LLMs mimic human route choice biases, enabling scalable behavioral modeling
AI models replicate non-rational decision patterns without explicit prospect theory parameters.
A new study led by Jiangtao Han and colleagues, published on arXiv in July 2026, investigates whether large language models (LLMs) can reproduce systematic human biases in route choice without requiring explicit prospect-theoretic parameters. Traditional behavioral modeling relies on cumulative prospect theory (CPT) to capture deviations from rational decision-making, but applying CPT at scale depends on calibrating individual-level parameters through costly surveys and experiments. The researchers designed a behavioral evaluation framework using route choice as a representative scenario, comparing LLM-generated decisions against established human behavioral patterns predicted by CPT. Their experimental results demonstrate that LLMs are capable of reproducing non-rational choice biases, including loss aversion, reference dependence, and probability weighting, consistent with prospect-theoretic effects under uncertainty.
These findings carry significant implications for next-generation agent-based simulations and AI-driven behavioral research. By leveraging generative AI models, researchers can bypass the bottleneck of individual parameter specification, enabling more scalable and realistic modeling of human decision-making in transportation, economics, and social systems. The study suggests that LLMs may serve as a promising foundation for large-scale simulations that better reflect human irrationality, potentially improving predictions in areas like traffic flow, urban planning, and policy design. While further validation is needed across diverse contexts, this work opens a new pathway for integrating AI with behavioral economics.

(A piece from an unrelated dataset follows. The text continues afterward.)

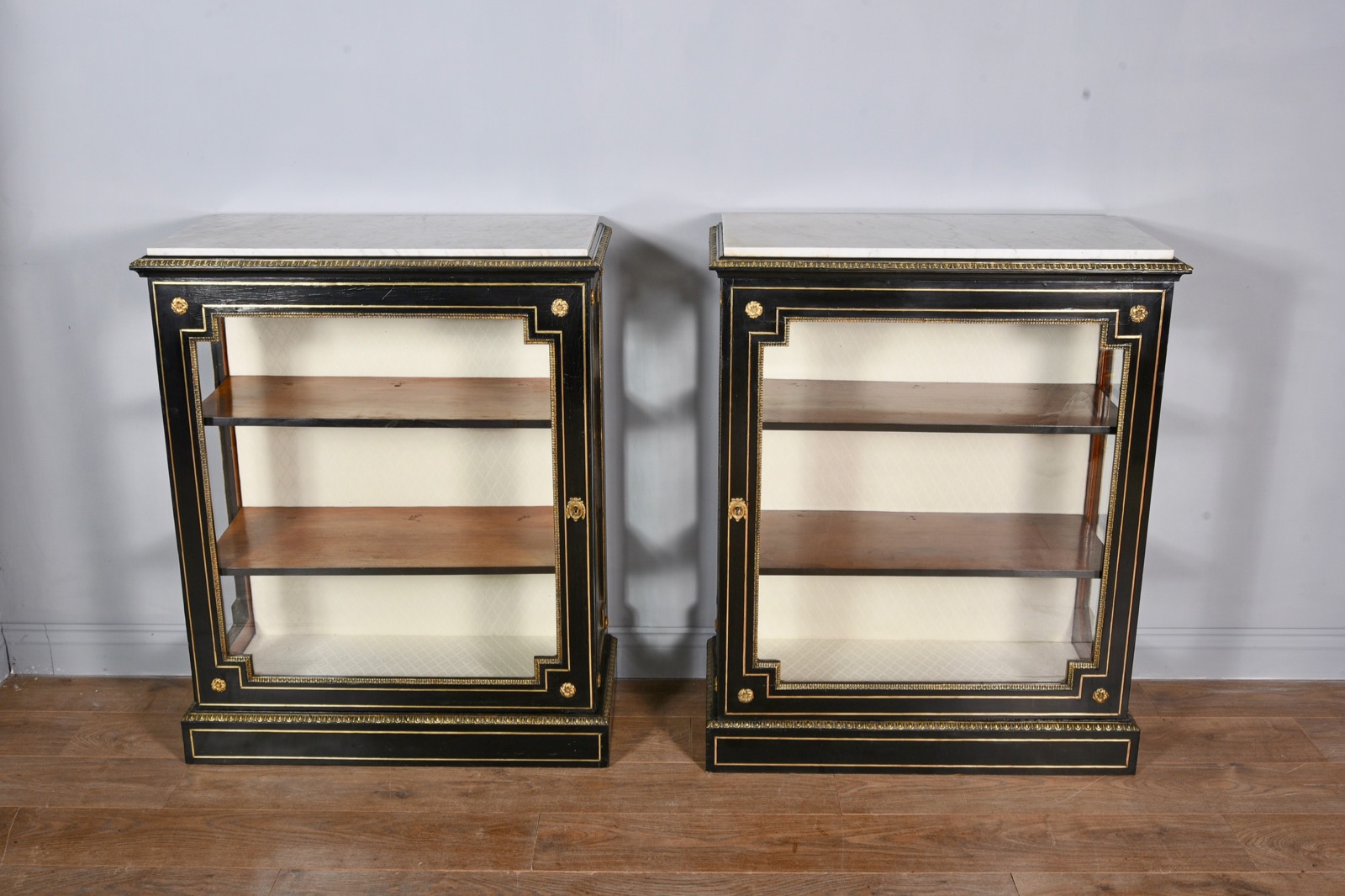 Pair of Victorian Brass Inlaid Pier Cabinet (1 of 1)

- LLMs replicate non-rational biases (loss aversion, probability weighting) in route choice without CPT parameter calibration.
- Study used a behavioral evaluation framework comparing LLM decisions to cumulative prospect theory predictions.
- Findings enable scalable agent-based simulations for transportation, economics, and policy modeling.
Why It Matters
LLMs could replace costly surveys for realistic behavioral simulations, transforming transportation and economic modeling.